World Bank Urban Specialist, Martin Onyach-Olaa noted that outside Kampala City, secondary cities (municipalities) account for about 50 per cent of the population and have expanded beyond their geographical boundaries. This rapid expansion of secondary cities without proper planning poses significant challenges to Uganda’s urban sector.
If Uganda does not control high population growth, then the government’s plan of transforming it into a middle income economy will be nothing but a dream, according to Ms. Kadiresan. In addition to increased poverty, high population and unplanned urban growth can also create a deteriorating urban environment with poor sanitation, water pollution, traffic congestion and emission, and environment degradation from uncollected waste.

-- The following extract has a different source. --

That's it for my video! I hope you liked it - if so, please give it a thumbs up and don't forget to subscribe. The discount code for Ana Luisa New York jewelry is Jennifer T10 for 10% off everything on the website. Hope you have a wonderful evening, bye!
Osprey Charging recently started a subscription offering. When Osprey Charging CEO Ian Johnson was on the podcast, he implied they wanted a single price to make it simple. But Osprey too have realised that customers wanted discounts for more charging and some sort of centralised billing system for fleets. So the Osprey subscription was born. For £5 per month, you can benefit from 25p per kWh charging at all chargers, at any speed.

Other urban development challenges Uganda faces include the absence of appropriate national urban policy, the lack of a regulatory framework, and outdated planning laws that are based on 1952 British legislation.

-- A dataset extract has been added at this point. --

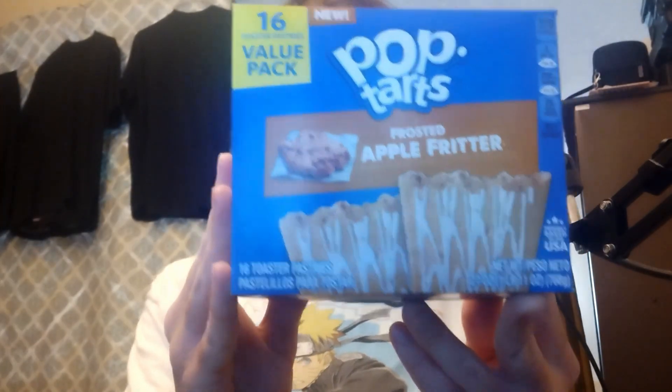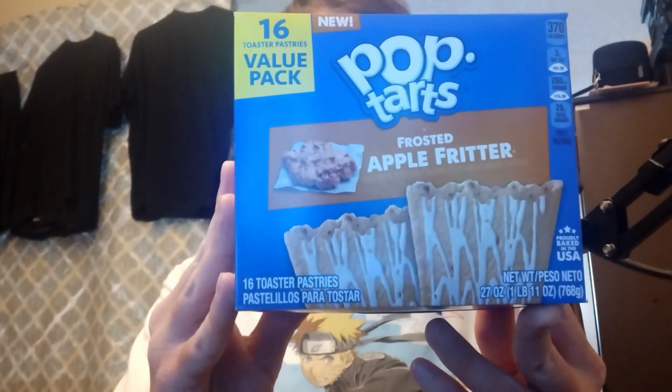It's discontinued — still within expiration, but discontinued. Today we're going to be talking about Pop-Tarts, specifically the Apple Fritter variety. These are now discontinued along with the Boston Cream Donut Pop-Tarts, which I also have.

A new World Bank Country Assistance Strategy
As a way forward, Mr Onyach-Olaa said the Bank is preparing a $150 million project to support Municipal Infrastructure Development in 13 municipalities: Arua, Gulu,Lira, Moroto, Soroti, Tororo, Mbale, Jinja, Entebbe, Masaka, Mbarara, Kabale, and Fort Portal.

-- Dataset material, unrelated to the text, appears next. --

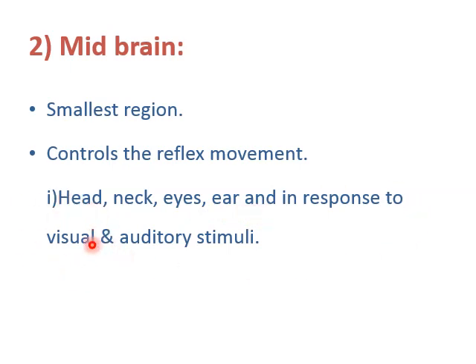Visual and auditory stimuli — stimuli means response. Midbrain gives the response to visual things you see and auditory things you hear. That is all about midbrain and how it controls reflex responses to what we see and hear.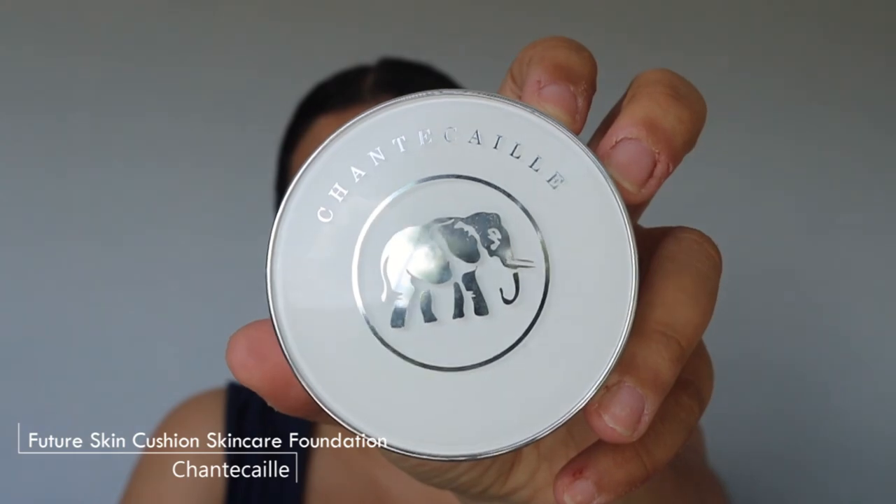The first product is the Chantecaille cushion foundation — not new to my collection but featured before. I have the shade Vanilla. There aren't that many shades and there are no Chantecaille counters in the Netherlands, so I buy everything online. This is a very expensive brand; even on sale this foundation cost me 100 euros. It's crazy expensive but crazy beautiful. I also like that each compact purchase feeds a baby elephant — there's a philanthropic aspect to it.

He said the World Bank is working with Cities Alliance to support the urban poor in Uganda with $4.5 million in funding. The organisations are also supporting the national government in developing a National Urban Policy and a 15-year Urban Investment Plan. In addition to the new World Bank Assistance Strategy, Mr Onyach-Olaa announced that Kampala will receive $44 million for urban infrastructure and development.
As Uganda’s economy expands—it is growing at 7 per cent annually—the country’s development needs also expand, putting considerable pressure on government to borrow soft loans from the World Bank through its International Development Association (IDA).
Out of the 79 poorest countries that borrow from the World Bank through IDA , Uganda is the sixth largest recipient of IDA loans in the world and number one in Africa, according to Ms Kadiresan. She added that this increased volume of IDA loans has helped Uganda reduce poverty levels and has acted as a source of cheap financing for funding projects needed for economic development.
“In our new World Bank Country Assistance Strategy for the next five years beginning July 2010, the IDA loan for Uganda is expected to be in the range of $1.8 billion to $1.9 billion to finance projects across priority sectors in the economy,” Ms. Kadiresan said.
She noted that the new five-year Country Assistance Strategy will continue to focus on health issues, agriculture, education, road infrastructure, transport, energy, and other areas including urban development and oil (support to the oil institute).